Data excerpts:
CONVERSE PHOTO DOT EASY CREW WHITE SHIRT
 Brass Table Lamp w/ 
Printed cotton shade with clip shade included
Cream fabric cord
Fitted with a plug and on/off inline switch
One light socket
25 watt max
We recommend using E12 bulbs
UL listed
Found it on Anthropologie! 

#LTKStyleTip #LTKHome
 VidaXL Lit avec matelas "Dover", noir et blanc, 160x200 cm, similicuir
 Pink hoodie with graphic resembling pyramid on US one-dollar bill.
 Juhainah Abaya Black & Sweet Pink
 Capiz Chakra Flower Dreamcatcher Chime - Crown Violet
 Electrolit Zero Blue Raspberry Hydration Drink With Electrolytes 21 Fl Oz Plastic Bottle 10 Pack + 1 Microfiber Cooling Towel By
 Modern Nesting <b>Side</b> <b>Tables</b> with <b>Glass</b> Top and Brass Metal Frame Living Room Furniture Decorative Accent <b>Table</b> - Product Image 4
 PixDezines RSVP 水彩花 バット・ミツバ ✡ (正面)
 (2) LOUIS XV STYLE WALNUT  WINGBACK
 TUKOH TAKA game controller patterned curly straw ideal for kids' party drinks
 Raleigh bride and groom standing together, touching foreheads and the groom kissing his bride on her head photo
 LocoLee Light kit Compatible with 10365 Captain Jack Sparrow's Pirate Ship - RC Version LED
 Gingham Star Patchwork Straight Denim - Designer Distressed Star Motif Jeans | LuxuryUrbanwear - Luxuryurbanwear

THE TASK:
All lines from the one containing "Juhainah Abaya Black & Sweet Pink" to the last line above should be reproduced exactly, and no other lines should be given.

RESULT FOR THIS EXERCISE:
 Juhainah Abaya Black & Sweet Pink
 Capiz Chakra Flower Dreamcatcher Chime - Crown Violet
 Electrolit Zero Blue Raspberry Hydration Drink With Electrolytes 21 Fl Oz Plastic Bottle 10 Pack + 1 Microfiber Cooling Towel By
 Modern Nesting <b>Side</b> <b>Tables</b> with <b>Glass</b> Top and Brass Metal Frame Living Room Furniture Decorative Accent <b>Table</b> - Product Image 4
 PixDezines RSVP 水彩花 バット・ミツバ ✡ (正面)
 (2) LOUIS XV STYLE WALNUT  WINGBACK
 TUKOH TAKA game controller patterned curly straw ideal for kids' party drinks
 Raleigh bride and groom standing together, touching foreheads and the groom kissing his bride on her head photo
 LocoLee Light kit Compatible with 10365 Captain Jack Sparrow's Pirate Ship - RC Version LED
 Gingham Star Patchwork Straight Denim - Designer Distressed Star Motif Jeans | LuxuryUrbanwear - Luxuryurbanwear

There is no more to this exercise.